You're looking at the past with rose-colored glasses. There has never, ever been a time when everything "just worked" all the time.
Since you didn't come to the world of Apple until 2007, you missed the OS X transition. That was fun. You had a new OS that was incredibly slow, buggy, missing tons of basic functionality, and had almost no applications that ran on it, and an old OS that while tried and true, was built on archaic underpinnings and had all kinds of fundamental issues that could not be solved without the total rewrite that was OS X. To get anything done, you had to install both OSes (Macs for a time all shipped with two different operating systems preinstalled, both fully bootable - imagine that
) and switch between them depending on what you needed to do, what software you needed to run, and how adventurous you were feeling. It took many years for OS X to slowly turn from an unusable mess to a fast, stable, and useful operating system, and many years for developers to port their applications over.

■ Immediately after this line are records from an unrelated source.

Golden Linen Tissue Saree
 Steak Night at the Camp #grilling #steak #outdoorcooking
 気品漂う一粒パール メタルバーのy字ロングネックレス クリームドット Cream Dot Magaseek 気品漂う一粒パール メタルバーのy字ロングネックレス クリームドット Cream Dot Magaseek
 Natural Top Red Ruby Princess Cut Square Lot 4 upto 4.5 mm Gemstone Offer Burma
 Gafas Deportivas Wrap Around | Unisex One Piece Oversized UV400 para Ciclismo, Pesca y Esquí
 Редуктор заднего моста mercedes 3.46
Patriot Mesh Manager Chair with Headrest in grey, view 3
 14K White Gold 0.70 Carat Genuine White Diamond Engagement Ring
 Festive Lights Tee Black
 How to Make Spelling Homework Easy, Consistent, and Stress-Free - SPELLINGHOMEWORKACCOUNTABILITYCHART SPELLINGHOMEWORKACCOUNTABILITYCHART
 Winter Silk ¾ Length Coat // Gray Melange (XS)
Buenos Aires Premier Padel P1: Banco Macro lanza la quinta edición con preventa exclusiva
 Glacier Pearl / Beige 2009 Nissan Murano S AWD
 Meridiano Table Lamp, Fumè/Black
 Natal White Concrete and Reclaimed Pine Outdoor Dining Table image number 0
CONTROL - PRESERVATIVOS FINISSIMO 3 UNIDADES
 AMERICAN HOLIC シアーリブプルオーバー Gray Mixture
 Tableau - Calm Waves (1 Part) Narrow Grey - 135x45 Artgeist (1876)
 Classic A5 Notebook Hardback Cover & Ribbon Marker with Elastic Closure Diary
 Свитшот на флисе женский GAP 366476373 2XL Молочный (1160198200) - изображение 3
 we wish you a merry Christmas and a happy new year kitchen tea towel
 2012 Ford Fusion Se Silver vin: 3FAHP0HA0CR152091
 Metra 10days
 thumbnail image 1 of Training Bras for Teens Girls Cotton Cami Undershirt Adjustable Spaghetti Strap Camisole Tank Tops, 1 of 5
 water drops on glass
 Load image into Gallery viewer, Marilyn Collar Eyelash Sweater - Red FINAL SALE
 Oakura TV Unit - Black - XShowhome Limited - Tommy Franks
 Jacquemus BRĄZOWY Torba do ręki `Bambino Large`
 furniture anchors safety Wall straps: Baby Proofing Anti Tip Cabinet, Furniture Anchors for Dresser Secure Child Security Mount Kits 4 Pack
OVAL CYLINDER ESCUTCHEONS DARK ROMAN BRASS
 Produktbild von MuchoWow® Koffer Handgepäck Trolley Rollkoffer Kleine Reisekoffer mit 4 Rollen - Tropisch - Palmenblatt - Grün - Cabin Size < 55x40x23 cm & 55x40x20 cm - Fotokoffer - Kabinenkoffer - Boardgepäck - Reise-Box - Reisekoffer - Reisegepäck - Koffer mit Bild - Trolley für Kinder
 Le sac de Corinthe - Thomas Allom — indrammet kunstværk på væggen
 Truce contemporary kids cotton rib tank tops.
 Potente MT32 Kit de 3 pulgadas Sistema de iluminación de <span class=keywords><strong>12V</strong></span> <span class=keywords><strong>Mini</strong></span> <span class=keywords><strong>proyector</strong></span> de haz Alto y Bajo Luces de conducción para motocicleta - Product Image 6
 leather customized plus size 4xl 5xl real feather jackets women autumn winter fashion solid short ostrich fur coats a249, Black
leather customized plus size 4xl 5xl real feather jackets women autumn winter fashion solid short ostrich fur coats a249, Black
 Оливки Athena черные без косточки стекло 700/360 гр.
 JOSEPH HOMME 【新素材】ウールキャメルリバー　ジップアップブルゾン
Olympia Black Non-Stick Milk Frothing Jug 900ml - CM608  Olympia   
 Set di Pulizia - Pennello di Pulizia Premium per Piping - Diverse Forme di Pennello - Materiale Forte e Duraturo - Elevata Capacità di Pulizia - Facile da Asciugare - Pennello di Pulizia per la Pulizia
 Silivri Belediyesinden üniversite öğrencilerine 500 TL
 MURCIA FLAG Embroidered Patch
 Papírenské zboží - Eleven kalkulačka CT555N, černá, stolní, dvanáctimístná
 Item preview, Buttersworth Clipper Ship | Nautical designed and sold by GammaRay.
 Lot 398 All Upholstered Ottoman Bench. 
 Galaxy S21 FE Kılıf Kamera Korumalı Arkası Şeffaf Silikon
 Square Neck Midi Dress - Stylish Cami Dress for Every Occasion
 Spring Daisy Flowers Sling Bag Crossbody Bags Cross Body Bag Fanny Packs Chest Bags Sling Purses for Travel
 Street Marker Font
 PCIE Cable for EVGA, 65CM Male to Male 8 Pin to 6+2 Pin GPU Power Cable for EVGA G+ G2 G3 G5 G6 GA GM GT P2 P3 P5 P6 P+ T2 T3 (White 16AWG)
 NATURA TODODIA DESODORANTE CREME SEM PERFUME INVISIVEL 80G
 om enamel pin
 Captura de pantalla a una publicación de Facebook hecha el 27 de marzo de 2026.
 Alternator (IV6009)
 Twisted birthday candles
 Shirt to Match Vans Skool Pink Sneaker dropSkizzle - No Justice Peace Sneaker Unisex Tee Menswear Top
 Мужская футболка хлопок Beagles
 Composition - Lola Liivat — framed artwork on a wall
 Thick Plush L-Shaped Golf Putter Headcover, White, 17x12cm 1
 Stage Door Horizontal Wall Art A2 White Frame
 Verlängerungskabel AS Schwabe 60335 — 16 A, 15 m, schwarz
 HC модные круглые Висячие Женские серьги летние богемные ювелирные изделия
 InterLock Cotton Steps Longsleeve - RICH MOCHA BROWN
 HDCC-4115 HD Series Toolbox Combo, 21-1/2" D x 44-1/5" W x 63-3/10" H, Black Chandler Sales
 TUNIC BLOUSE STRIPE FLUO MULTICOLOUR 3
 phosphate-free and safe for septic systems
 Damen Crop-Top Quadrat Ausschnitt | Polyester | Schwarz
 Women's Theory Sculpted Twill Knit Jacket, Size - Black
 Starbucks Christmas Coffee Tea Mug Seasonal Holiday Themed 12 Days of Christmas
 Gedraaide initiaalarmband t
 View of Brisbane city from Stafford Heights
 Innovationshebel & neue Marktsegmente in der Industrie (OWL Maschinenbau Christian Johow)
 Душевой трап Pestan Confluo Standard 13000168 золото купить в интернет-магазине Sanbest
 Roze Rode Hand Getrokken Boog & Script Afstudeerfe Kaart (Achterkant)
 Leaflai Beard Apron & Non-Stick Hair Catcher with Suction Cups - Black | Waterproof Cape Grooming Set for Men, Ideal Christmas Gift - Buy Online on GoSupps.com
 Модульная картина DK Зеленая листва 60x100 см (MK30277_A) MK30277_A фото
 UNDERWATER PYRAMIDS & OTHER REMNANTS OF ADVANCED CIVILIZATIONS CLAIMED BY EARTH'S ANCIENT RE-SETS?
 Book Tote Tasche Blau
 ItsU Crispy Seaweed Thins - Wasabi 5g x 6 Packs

I would say that I spend far more time being productive and far less time struggling with the operating system and the hardware on my Apple products than at any other time in memory. Yes, I freely acknowledge that Apple's yearly release cycles seem to be resulting in releases that probably should not have been made available to the public in their initial form, and that there are areas of iOS and OS X that are just fundamentally broken or poorly thought out. The thing is, this describes all Apple products - past, present (and future) and also every tech product anyone has ever produced, ever.